Angus parking charges will remain suspended for six months and the “reset button” pressed in a full review of the controversial scheme as part of the drive to put the area’s economy back on track.
The move came as Angus Council’s finance spokesman placed the county’s economic recovery high on the agenda in a redrawing of the authority’s budget to deal with a £10 million-plus Covid-19 financial blow.

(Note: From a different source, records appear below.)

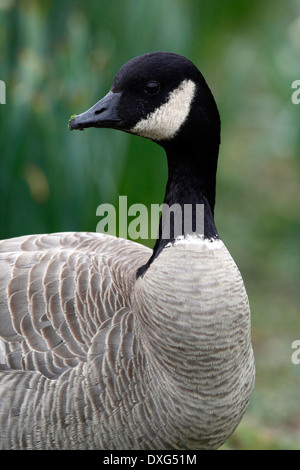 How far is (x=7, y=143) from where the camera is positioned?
3436 millimetres

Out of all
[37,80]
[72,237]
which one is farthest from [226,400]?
[37,80]

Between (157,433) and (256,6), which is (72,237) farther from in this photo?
(256,6)

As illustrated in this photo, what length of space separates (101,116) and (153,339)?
0.79 metres

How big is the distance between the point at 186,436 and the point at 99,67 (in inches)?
81.1

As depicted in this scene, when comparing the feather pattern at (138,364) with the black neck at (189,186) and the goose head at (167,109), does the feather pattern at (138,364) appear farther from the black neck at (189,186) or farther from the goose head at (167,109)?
the goose head at (167,109)

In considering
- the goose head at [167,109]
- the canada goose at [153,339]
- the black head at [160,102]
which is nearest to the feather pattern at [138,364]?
the canada goose at [153,339]

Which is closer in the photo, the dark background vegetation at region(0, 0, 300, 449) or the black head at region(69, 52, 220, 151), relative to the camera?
the black head at region(69, 52, 220, 151)

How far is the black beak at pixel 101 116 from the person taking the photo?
243 centimetres

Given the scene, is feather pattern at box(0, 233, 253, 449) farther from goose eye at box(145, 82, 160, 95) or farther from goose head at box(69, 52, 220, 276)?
goose eye at box(145, 82, 160, 95)

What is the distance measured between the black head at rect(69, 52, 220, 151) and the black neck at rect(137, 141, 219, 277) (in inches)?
2.7

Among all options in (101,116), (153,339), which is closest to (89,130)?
(101,116)

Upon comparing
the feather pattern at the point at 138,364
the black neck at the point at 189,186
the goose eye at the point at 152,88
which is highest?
the goose eye at the point at 152,88

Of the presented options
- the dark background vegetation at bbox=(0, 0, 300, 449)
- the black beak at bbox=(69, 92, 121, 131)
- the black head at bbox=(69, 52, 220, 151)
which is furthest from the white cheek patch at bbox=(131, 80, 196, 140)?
the dark background vegetation at bbox=(0, 0, 300, 449)

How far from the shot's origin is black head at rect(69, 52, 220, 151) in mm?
2424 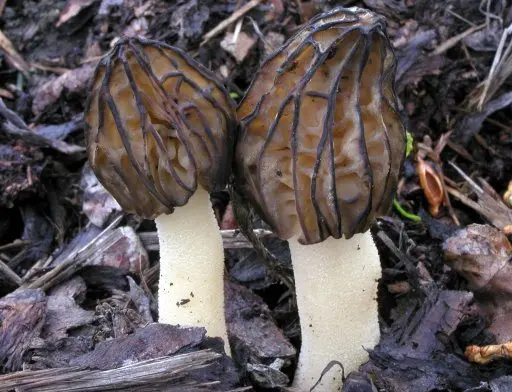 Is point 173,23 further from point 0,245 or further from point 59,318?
point 59,318

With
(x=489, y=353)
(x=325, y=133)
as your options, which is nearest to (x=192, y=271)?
(x=325, y=133)

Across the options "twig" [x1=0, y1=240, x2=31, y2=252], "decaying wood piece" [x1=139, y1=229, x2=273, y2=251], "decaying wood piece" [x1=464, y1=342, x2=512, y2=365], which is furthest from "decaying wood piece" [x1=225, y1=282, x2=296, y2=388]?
"twig" [x1=0, y1=240, x2=31, y2=252]

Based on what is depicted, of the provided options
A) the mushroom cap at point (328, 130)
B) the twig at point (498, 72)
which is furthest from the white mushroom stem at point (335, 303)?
the twig at point (498, 72)

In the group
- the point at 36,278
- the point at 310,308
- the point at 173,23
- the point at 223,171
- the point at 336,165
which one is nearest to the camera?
the point at 336,165

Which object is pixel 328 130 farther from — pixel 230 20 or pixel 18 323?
pixel 230 20

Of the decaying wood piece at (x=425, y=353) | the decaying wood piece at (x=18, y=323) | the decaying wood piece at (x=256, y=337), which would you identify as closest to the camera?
the decaying wood piece at (x=425, y=353)

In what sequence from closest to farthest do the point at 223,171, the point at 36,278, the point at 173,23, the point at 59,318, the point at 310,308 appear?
the point at 223,171 < the point at 310,308 < the point at 59,318 < the point at 36,278 < the point at 173,23

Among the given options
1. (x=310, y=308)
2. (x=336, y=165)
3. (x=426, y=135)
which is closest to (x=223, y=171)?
(x=336, y=165)

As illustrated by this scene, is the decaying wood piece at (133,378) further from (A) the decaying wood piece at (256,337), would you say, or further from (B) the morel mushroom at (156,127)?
(B) the morel mushroom at (156,127)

After UK and Scottish Government funding, Angus still has a near £4m budget gap to plug and will dip into reserves to meet three quarters of that.
Finance spokesman Angus MacMillan Douglas said the prudent performance of preceding years – Angus has shaved £55m from spending in the last seven years and was targeting £10m of savings in 2020/21 – had put the council in a stronger position to deal with the huge fiscal stresses of the coronavirus crisis.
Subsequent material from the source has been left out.